Book Review: Ariadne by Jennifer Saint – an enthralling read based on Greek mythology

Since Madeline Miller’s hugely successful novel, The Song of Achilles, published in 2011, fiction based on ancient myths, has been popping up, almost spawning a whole new genre. Miller continues to write terrific books like this – I can’t recommend Circe enough – and acclaimed author Pat Barker has veered away from her 20th century war fiction to produce two novels (so far) about the women of Troy. Ariadne is the first novel by Greek myth enthusiast, Jennifer Saint. 

I have long been fascinated by the story of the Minotaur and how Theseus defeated it with the help of King Minos’s daughter, Ariadne. If you recall, the Minotaur was a monster, half bull and half human, with a voracious appetite for human flesh, sequestered in a labyrinth devised by Daedalus, a kind of Leonardo of his day. In the novel, Minos, King of Crete, was becoming unpopular with his people for feeding miscreants to the beast, but happily found another food supply: a tribute from Athens, which Minos had brought to its knees in battle. 

So every year, seven young men and seven young women, teenagers really, would be shipped from Athens then flung into the labyrinth for the Minotaur to hunt down in the dark and well, you can imagine the rest. Theseus, long estranged from his father, the King of Athens, returns to find his city in mourning for the new harvest about to take place and volunteers as one of the selected victims. He’s keen on vanquishing monsters and thinks he can outwit the Minotaur, if only he can find his way in and out of the labyrinth. Ariadne, drawn by his princely bearing and general good looks, offers to help.

Such an exciting story, but that is barely the half of it. Jennifer Saint weaves a yarn around Ariadne and what happens next. How Theseus left her on the island of Naxos, instead of taking her back to Athens as his bride. It is also the story of Phaedra, Ariadne’s thirteen year old sister, similarly smitten with Theseus. While Ariadne is rescued by Dionysus, the god of wine and good times, Phaedra becomes a bargaining chip between the kingdom of Crete and Athens.

The women in this story are rarely able to steer the path of their own lives, caught up in the political aims of the powerful men around them. So even though Ariadne and Phaedra are the grandchildren of the sun god Helios, and as such have remarkable beauty, they are victims of circumstances again and again. Meanwhile the gods, particularly Zeus, and his bitter and jealous wife Hera, toy with the mortals of the story, and even lesser gods like Dionysus.

The gods do not know love, because they cannot imagine an end to anything they enjoy. Their passions do not burn brightly as a mortal’s passions do, because they can have whatever they desire for the rest of eternity. How could they cherish or treasure anything? Nothing to them is more than a passing amusement, and when they have done with it, there will be another.

It all makes for a gripping retelling of the myth, adding character to the main players – the motives and desires, weaknesses and blindness to the truth.
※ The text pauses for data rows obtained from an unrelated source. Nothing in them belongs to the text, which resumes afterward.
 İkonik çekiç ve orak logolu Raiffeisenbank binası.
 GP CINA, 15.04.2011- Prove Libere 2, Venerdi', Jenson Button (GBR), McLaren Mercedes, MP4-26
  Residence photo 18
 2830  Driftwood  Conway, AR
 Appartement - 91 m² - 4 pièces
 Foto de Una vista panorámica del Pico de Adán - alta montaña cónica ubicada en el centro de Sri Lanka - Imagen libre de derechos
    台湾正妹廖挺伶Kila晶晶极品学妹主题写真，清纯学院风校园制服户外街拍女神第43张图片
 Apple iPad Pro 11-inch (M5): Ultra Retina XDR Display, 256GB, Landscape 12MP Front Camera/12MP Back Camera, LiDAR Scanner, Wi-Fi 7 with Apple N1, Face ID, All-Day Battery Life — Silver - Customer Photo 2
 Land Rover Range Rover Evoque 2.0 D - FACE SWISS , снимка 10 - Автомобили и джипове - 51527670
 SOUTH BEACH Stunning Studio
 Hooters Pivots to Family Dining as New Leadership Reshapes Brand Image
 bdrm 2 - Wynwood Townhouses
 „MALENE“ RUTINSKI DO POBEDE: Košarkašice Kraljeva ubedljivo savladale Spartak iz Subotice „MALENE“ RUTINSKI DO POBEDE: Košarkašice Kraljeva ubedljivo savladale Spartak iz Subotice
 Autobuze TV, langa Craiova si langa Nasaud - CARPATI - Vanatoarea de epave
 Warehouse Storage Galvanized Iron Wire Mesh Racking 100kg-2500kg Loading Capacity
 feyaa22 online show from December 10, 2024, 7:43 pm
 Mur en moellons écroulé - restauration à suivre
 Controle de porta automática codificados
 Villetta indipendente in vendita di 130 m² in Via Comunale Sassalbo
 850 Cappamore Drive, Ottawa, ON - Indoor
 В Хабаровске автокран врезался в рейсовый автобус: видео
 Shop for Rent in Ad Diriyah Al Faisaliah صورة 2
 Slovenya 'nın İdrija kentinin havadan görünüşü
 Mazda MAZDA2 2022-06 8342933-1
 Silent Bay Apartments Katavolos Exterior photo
In other novels, you often shout at the characters, ‘Oh, no! Don’t do that!’ Or even ‘Look out, behind you!’ But here, it wouldn’t matter how aware the characters were, the gods are always out to get them, pawns in their constant one-upmanship with other gods.

While there is much tragedy to the story, the novel is still very entertaining, creating an imaginary world that is a joy to the senses, whether it is Dionysus’s island with its maenads and feasts, or the opulent world of the palaces in Crete or Athens. We even get a chance to check out Hades.

Ariadne is well worth picking up, a welcome addition to a growing sub-genre of mythical retellings, with four out of five stars from me. Saint’s second book, Elektra is definitely on my must-read list. Another book by Saint, Atalanta, is due for release later this year, while I’ve also got my eye on Ithaca by Claire North. So much to enjoy.